I am running TrueNAS TrueNAS-SCALE-23.10.2 with a few apps. One of those apps is Pi-Hole 2024.03.2 . I am also sharing samba file storage from my TrueNAS. The machine’s FQDN (replacing my domain name) is docking.domain.tld. My domain DNS servers are hosted offsite with my hosting company. I have file shares on the TrueNAS. The issue is I can not get to those shares if I use Pi-Hole as my DNS. If I use any other DNS server and do a lookup it shows the correct internal IP address. However Pi-Hole responds with 127.0.0.1. Checking it is pulling it from the TrueNAS hosts file which has 127.0.0.1 listed for the FQDN and shortname. I am unsure how to correct this as the /etc/hosts in TrueNAS is not persistent.

From the pi-hole log:
Apr 28 01:25:59: query[A] docking.domain.tld from 192.168.5.11 Apr 28 01:25:59: /etc/hosts docking.domain.tld is 127.0.0.1

From MXToolBox

Is your publicly available domain pointing to the internal IP?

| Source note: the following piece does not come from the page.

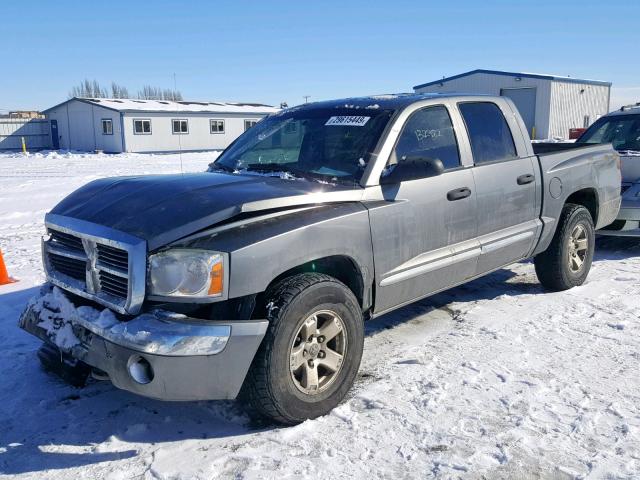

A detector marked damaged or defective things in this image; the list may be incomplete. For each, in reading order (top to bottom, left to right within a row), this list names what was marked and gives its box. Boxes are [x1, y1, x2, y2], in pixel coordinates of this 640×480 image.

damaged front bumper [18, 284, 268, 402]
crumpled front end [20, 284, 268, 402]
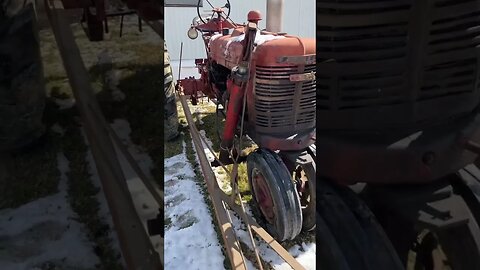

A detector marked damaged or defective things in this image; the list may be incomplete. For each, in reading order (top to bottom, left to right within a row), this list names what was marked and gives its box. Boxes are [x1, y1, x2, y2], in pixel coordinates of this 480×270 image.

Usually you would add local DNS entries in pihole that resolve the domain.

The public record has entries for local entities like TrueNAS. if you did a dig against a public DNS server for docking.domain.tld it would respond with the internal 192.168.5.X IP address.

According tot he PiHole the /etc/hosts, which is exported from TrueNAS by Kubernetes, takes precedence over local entries added to it.

From PiHole:
Note:

The order of locally defined DNS records is:

  1. The device’s host name and pi.hole
  2. Configured in a config file in /etc/dnsmasq.d/
  3. Read from /etc/hosts
  4. Read from the “Local (custom) DNS” list (stored in /etc/pihole/custom.list)

Only the first record will trigger an address-to-name association.

Sorry forgot, here is the /etc/hosts file from TrueNAS and is exported to the containers…

user@docking:~$ cat /etc/hosts

127.0.0.1	docking.domain.tld docking
127.0.0.1	localhost

# The following lines are desirable for IPv6 capable hosts
::1	localhost ip6-localhost ip6-loopback
ff02::1 ip6-allnodes
ff02::2 ip6-allrouters

# STATIC ENTRIES
user@docking:~$ 

I have a temporary hack in place. In TrueNAS I set the hostname to dock instead of docking but left my DNS entry as docking.domain.tld. This is not a good hack thought and this makes me worry if other containers could be effected by the /etc/hosts file using localhost instead of the actual IP.

Did you try adding a local entry in the web UI?